Can you share with me a success story or just a story, perhaps starting with a student came to you with an idea, and then you don't have to name the students, but like, what was the idea, you know, what was the speed dating situation like?
And where's that product now?
And like, take me, through a process, I'm interested here.
- I think one of the exciting things that's happening not just at university campuses, but also at high schools is there's a tremendous number of programs and support for students that want to try an entrepreneurial idea.
So it could be in a class or it could be through something outside of the classroom extracurricular.
So we have a program at Case Western Reserve.
It's actually part of something called the Great Lakes Energy Institute.
And that is a program where they bring in, they call they're called Think Energy Fellows.
And these are students at the university, graduate or undergraduate with ideas.
So there were two students, Prince Lucas, or Prince Ghoshe and Lucas Fridman which I mushed their names together.
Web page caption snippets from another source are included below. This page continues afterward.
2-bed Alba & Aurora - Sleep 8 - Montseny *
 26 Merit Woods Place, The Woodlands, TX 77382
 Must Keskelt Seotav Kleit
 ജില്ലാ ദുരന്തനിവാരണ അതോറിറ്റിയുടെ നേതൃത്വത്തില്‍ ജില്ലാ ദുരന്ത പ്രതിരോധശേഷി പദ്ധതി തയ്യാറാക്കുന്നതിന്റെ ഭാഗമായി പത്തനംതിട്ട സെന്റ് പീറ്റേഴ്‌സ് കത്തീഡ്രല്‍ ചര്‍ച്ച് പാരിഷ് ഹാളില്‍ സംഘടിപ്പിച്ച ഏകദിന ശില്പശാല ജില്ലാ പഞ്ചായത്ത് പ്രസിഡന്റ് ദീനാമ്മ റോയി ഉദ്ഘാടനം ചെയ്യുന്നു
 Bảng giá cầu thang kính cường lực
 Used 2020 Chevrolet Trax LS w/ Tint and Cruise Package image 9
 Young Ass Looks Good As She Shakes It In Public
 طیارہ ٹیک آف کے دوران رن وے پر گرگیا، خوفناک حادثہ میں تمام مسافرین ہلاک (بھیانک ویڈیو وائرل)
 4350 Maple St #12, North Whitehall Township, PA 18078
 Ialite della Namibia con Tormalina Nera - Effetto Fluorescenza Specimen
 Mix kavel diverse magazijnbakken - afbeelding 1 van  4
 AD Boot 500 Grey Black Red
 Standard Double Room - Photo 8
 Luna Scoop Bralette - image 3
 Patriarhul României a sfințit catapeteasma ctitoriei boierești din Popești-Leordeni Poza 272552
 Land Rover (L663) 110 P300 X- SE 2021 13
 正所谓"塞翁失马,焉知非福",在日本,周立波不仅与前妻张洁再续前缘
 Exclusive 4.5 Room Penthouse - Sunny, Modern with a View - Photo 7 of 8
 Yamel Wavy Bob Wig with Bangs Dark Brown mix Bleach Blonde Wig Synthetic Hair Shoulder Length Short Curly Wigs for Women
Princeton Lucas, they took an idea originally through the Think Energy Fellowship program called Boundary Labs that actually had to do with shop floor efficiency.
And, you know, one of the things that we really try to do both through that program and other folks at Think Box that help them, nonprofit organizations in Cleveland called Magnet which works with physical product entrepreneurs.
So there were a lot of opportunities for this student team to get in front of a number of other folks to sort of test some of their concepts.
Fast forward these students upon graduation applied to an accelerator called Y Combinator which is probably the leading accelerator program in the world, Dropbox, Airbnb, several other companies entrepreneurs have sort of come out of that program, and our students were accepted.
Now, they were graduates at this point.
They had unfortunately started the program in the middle of the pandemic, so they actually flew out to San Francisco for the program at the beginning of 2020, finished the program sort of online.
But it's an interesting example of like, you can literally go from a program at the university like the Think Energy Fellows where you're sort of having an idea for something, but it's not a real business to all of a sudden you're at demo day at Y Combinator.
Not all of our student journeys are like that.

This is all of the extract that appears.